When we were first deciding to adopt, Doc and I each went off to think the idea through. I was at a local farm market when I finally realized how I felt. I’d seen a dad with a young child in his basket, and the two were yakking away, obviously two peas in a pod. I hadn’t considered until that moment how much fun it would be to have a running buddy. So after all of my serious consideration, that was what sealed the deal for me. And that’s how it was with FD for a long time: daddy’s girl.
FD and I looked into each other’s eyes and told secrets, I could watch her think, and she offered, and we shared, long, tender hugs all the time. I found out later how deeply upset Doc was about being on the outside of our little club. I’m ashamed to say I didn’t notice. In our house — this is likely true in a lot of houses — Doc was the one who was the organizer, the Doer of Unfun Tasks, and here I was, getting all the sweet stuff. (It’s not that I didn’t change diapers, cook, or clean, but still.)

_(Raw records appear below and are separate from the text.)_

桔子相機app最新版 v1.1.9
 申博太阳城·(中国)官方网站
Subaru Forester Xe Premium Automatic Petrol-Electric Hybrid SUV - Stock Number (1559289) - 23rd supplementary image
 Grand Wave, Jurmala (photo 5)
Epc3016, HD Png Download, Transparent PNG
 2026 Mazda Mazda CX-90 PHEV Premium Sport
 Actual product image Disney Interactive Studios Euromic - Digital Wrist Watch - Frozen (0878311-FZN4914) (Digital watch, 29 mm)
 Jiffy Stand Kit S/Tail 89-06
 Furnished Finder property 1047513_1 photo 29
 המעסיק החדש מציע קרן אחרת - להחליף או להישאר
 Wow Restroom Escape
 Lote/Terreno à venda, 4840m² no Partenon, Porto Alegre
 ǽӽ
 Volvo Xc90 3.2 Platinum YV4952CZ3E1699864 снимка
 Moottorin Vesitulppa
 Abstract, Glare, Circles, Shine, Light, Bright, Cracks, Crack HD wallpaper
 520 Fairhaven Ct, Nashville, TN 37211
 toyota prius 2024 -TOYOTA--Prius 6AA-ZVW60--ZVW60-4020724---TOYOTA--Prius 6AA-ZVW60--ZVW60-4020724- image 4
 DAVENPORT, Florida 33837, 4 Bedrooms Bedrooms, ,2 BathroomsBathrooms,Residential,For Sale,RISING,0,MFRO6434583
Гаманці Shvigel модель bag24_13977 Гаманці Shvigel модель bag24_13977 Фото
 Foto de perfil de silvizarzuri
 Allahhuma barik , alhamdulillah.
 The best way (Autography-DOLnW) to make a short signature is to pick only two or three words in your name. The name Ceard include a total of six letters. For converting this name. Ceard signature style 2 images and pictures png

When FD turned 13, the tables abruptly turned. I understand this is all perfectly natural, but ow. Daddy’s girl is now mommy’s girl. The things FD cares about most are things Doc understands better than me. If either of us has a sixth sense now about what’s on FD’s mind, it’s Doc. And now I’m trained to wait for FD to offer hugs, lest she be repelled by my touch. We walk in silence together now. She still says, “I love you,” and I’m glad to hear it. If she didn’t say it, I wouldn’t know she still does.
I totally understand this is all the way it should be. I’m happy for Doc. And I get that this is my first taste of her growing up and moving on. It’s all good. But I miss my daddy’s girl.